In narrating the Kishinev pogrom, Bialik’s poem describes the basement of a house where Russians raped Jewish women innumerable times as their cringing husbands hid behind casks. Bialik imagines the voice of God pouring withering scorn on these men by contrasting their passivity with the valor of their ancestors. In English interpretation:


Come, now, and I will bring thee to their lairs The privies, jakes, and pigpens where the heirs Of Hasmoneans lay, with trembling knees, Concealed and cowering, the sons of the Maccabees! The seed of saints, the scions of the lions! … It was the flight of mice they fled, The scurrying of roaches was their flight; They died like dogs, and they were dead!

While Gordis reminds his readers that Bialik was a poet, not a historian, the formal testimony Bialik gathered during his investigation was every bit as grotesque as his poetry. One Jewish woman described to Bialik how her husband had watched Russian home invaders gang-rape another woman and then rape her. The husband gave the Russians a silver watch to distract them as he ran away.


As I first read about Bialik’s poetry, I thought of Christians like John Piper, who counsel men to allow their wives and families to be abused and killed like the Levite in Judges.

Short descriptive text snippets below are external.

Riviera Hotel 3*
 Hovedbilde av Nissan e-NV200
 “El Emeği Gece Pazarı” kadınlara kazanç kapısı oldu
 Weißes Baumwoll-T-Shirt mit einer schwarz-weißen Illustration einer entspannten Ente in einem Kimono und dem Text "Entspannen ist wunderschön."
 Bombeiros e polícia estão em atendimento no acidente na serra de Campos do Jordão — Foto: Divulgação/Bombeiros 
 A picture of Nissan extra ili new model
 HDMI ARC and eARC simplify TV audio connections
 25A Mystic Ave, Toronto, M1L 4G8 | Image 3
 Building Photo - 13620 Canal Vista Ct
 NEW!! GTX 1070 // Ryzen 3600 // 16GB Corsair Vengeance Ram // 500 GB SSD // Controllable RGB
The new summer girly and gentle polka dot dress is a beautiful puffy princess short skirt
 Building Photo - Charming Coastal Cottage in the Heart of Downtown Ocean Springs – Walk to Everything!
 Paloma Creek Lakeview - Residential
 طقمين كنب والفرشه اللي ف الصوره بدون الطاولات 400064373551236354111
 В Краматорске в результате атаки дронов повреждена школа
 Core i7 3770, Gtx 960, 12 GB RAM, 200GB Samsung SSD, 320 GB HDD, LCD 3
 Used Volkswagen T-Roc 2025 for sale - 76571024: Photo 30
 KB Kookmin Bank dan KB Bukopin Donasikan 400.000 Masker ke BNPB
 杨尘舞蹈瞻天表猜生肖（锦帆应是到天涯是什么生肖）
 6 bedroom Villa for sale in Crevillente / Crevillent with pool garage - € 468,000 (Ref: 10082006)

In the words of Ivan Ilyin, even if a Christian pacifist like Piper is killed in an attack on his family, he “sacrifices his life not for the sake of saving his beloved, but for his own righteousness.”


These Christians are disconnected, not only from the valor woven throughout the Bible, but from the traditions of ancient, medieval, and even modern Christian warfare against evil.

The Zionist movement shows us that recovering and renewing these traditions is practicable.


Critically, Zionist artists did not forge the New Jew through their scorn of passivity alone, but through a positive literary vision of Jewish heroism. Where Bialik had invoked the Maccabees, authors like Jabotinsky and Greenberg drew on the heroes of the Hebrew canon to usher this vision into reality.


Jabotinsky’s 1927 novel Samson the Nazirite, for example, used the figure of Samson to set out the author’s ideal of a heroic warrior. Likewise, Uri Zvi Greenberg’s powerful and influential Hebrew poem One Truth, Not Two draws upon “the Law of Conquest of Moses and Joshua” and “the Shield of David.”


Irgun fighters in 1947.

To be clear, the church today still needs more intellectuals who perceive the problem of Christian passivity, who understand its shallowness, and who will call upon the church to cast it off. Jabotinsky was such an intellectual for the Zionists. The New Christian Man—like the New Jew—can be rooted in the wisdom of a rediscovered past. Yet creating a new Christian is not solely or mostly a project for commentators and scholars. As Jabotinsky understood, cultural renewal requires art—and Christians today are far shorter on good artists than on principled intellectuals


How should we address this problem? Michael Anton has recently urged that right-leaning donors should “work together to identify young [artistic] talent on the Right and give them some money.” I appreciate Anton’s insights but am skeptical that a traditional donor-based model will be a viable solution to this problem in the near future. Unlike donations to political causes, patronizing the arts does not generate measurable quantitative results of the kind the relevant donors would probably like to see. Even if enough donors are willing to overlook this problem, a contemporary donor-based model would lack the selective pressures that produced the great patron-financed art of the past. Ancient Greek and Renaissance Italian art was the result of the patron-rulers of city-states competing with their rivals. Today’s potential patrons do not yet rule cities in which works of art can be publicly fixed—making the identification between a patron and a given work of art too diffuse.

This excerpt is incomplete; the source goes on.